BEGIN RECORDS FOR THE EXERCISE
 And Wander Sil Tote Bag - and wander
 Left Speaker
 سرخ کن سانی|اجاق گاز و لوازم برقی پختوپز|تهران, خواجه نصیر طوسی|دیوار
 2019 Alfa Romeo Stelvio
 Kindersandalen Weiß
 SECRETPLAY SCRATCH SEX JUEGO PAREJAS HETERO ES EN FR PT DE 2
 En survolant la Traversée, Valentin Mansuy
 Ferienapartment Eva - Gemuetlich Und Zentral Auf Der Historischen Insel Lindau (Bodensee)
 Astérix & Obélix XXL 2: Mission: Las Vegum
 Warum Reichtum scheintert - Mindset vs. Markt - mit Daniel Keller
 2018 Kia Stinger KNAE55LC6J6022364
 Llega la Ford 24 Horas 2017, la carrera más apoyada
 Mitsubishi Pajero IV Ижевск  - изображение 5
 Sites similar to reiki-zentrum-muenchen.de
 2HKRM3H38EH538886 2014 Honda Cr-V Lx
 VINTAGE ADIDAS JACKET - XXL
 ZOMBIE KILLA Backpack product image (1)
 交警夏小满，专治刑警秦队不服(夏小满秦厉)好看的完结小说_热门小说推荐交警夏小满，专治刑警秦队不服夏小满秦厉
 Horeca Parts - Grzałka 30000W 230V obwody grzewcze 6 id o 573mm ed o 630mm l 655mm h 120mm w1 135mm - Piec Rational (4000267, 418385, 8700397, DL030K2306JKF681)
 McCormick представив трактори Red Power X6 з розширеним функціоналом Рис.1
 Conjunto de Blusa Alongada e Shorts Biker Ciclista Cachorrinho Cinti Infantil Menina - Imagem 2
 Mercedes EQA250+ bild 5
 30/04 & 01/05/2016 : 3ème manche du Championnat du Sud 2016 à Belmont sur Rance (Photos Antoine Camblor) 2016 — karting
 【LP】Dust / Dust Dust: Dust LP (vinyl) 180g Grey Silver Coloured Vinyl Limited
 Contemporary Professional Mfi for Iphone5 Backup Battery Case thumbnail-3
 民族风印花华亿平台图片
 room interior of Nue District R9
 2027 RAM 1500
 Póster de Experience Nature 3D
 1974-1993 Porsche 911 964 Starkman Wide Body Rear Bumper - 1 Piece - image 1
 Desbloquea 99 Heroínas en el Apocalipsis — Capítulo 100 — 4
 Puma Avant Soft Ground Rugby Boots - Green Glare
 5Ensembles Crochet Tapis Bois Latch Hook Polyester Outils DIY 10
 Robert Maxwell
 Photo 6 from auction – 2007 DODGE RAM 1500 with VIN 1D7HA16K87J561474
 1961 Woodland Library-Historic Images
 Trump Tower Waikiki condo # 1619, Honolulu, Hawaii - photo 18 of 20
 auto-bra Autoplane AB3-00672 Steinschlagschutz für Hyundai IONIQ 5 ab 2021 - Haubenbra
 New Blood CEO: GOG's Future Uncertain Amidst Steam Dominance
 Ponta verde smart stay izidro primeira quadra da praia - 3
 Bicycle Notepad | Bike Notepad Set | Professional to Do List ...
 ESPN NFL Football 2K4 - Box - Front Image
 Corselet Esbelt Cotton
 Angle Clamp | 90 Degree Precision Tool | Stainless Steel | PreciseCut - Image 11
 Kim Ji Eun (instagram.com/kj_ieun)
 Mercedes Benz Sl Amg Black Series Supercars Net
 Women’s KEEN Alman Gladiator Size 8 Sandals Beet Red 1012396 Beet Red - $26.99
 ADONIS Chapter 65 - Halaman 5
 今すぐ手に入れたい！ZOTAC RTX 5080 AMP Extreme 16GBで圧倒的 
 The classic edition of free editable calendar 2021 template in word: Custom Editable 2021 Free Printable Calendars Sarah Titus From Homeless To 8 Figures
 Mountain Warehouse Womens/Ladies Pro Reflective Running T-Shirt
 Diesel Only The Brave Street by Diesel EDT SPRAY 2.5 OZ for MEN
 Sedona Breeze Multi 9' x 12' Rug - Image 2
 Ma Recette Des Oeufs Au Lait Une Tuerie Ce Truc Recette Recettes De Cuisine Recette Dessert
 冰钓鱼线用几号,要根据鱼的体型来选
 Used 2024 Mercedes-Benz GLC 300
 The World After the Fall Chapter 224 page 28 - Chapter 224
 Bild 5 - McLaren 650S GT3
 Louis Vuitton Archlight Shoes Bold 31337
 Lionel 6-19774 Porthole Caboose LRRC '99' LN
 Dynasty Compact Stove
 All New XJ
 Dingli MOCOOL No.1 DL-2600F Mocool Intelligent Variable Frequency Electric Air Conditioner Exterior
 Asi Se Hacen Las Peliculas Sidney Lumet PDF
END RECORDS FOR THE EXERCISE
ASSIGNMENT:
From top to bottom, reproduce the material exactly.

REPLY TO THE EXERCISE:
 And Wander Sil Tote Bag - and wander
 Left Speaker
 سرخ کن سانی|اجاق گاز و لوازم برقی پختوپز|تهران, خواجه نصیر طوسی|دیوار
 2019 Alfa Romeo Stelvio
 Kindersandalen Weiß
 SECRETPLAY SCRATCH SEX JUEGO PAREJAS HETERO ES EN FR PT DE 2
 En survolant la Traversée, Valentin Mansuy
 Ferienapartment Eva - Gemuetlich Und Zentral Auf Der Historischen Insel Lindau (Bodensee)
 Astérix & Obélix XXL 2: Mission: Las Vegum
 Warum Reichtum scheintert - Mindset vs. Markt - mit Daniel Keller
 2018 Kia Stinger KNAE55LC6J6022364
 Llega la Ford 24 Horas 2017, la carrera más apoyada
 Mitsubishi Pajero IV Ижевск  - изображение 5
 Sites similar to reiki-zentrum-muenchen.de
 2HKRM3H38EH538886 2014 Honda Cr-V Lx
 VINTAGE ADIDAS JACKET - XXL
 ZOMBIE KILLA Backpack product image (1)
 交警夏小满，专治刑警秦队不服(夏小满秦厉)好看的完结小说_热门小说推荐交警夏小满，专治刑警秦队不服夏小满秦厉
 Horeca Parts - Grzałka 30000W 230V obwody grzewcze 6 id o 573mm ed o 630mm l 655mm h 120mm w1 135mm - Piec Rational (4000267, 418385, 8700397, DL030K2306JKF681)
 McCormick представив трактори Red Power X6 з розширеним функціоналом Рис.1
 Conjunto de Blusa Alongada e Shorts Biker Ciclista Cachorrinho Cinti Infantil Menina - Imagem 2
 Mercedes EQA250+ bild 5
 30/04 & 01/05/2016 : 3ème manche du Championnat du Sud 2016 à Belmont sur Rance (Photos Antoine Camblor) 2016 — karting
 【LP】Dust / Dust Dust: Dust LP (vinyl) 180g Grey Silver Coloured Vinyl Limited
 Contemporary Professional Mfi for Iphone5 Backup Battery Case thumbnail-3
 民族风印花华亿平台图片
 room interior of Nue District R9
 2027 RAM 1500
 Póster de Experience Nature 3D
 1974-1993 Porsche 911 964 Starkman Wide Body Rear Bumper - 1 Piece - image 1
 Desbloquea 99 Heroínas en el Apocalipsis — Capítulo 100 — 4
 Puma Avant Soft Ground Rugby Boots - Green Glare
 5Ensembles Crochet Tapis Bois Latch Hook Polyester Outils DIY 10
 Robert Maxwell
 Photo 6 from auction – 2007 DODGE RAM 1500 with VIN 1D7HA16K87J561474
 1961 Woodland Library-Historic Images
 Trump Tower Waikiki condo # 1619, Honolulu, Hawaii - photo 18 of 20
 auto-bra Autoplane AB3-00672 Steinschlagschutz für Hyundai IONIQ 5 ab 2021 - Haubenbra
 New Blood CEO: GOG's Future Uncertain Amidst Steam Dominance
 Ponta verde smart stay izidro primeira quadra da praia - 3
 Bicycle Notepad | Bike Notepad Set | Professional to Do List ...
 ESPN NFL Football 2K4 - Box - Front Image
 Corselet Esbelt Cotton
 Angle Clamp | 90 Degree Precision Tool | Stainless Steel | PreciseCut - Image 11
 Kim Ji Eun (instagram.com/kj_ieun)
 Mercedes Benz Sl Amg Black Series Supercars Net
 Women’s KEEN Alman Gladiator Size 8 Sandals Beet Red 1012396 Beet Red - $26.99
 ADONIS Chapter 65 - Halaman 5
 今すぐ手に入れたい！ZOTAC RTX 5080 AMP Extreme 16GBで圧倒的 
 The classic edition of free editable calendar 2021 template in word: Custom Editable 2021 Free Printable Calendars Sarah Titus From Homeless To 8 Figures
 Mountain Warehouse Womens/Ladies Pro Reflective Running T-Shirt
 Diesel Only The Brave Street by Diesel EDT SPRAY 2.5 OZ for MEN
 Sedona Breeze Multi 9' x 12' Rug - Image 2
 Ma Recette Des Oeufs Au Lait Une Tuerie Ce Truc Recette Recettes De Cuisine Recette Dessert
 冰钓鱼线用几号,要根据鱼的体型来选
 Used 2024 Mercedes-Benz GLC 300
 The World After the Fall Chapter 224 page 28 - Chapter 224
 Bild 5 - McLaren 650S GT3
 Louis Vuitton Archlight Shoes Bold 31337
 Lionel 6-19774 Porthole Caboose LRRC '99' LN
 Dynasty Compact Stove
 All New XJ
 Dingli MOCOOL No.1 DL-2600F Mocool Intelligent Variable Frequency Electric Air Conditioner Exterior
 Asi Se Hacen Las Peliculas Sidney Lumet PDF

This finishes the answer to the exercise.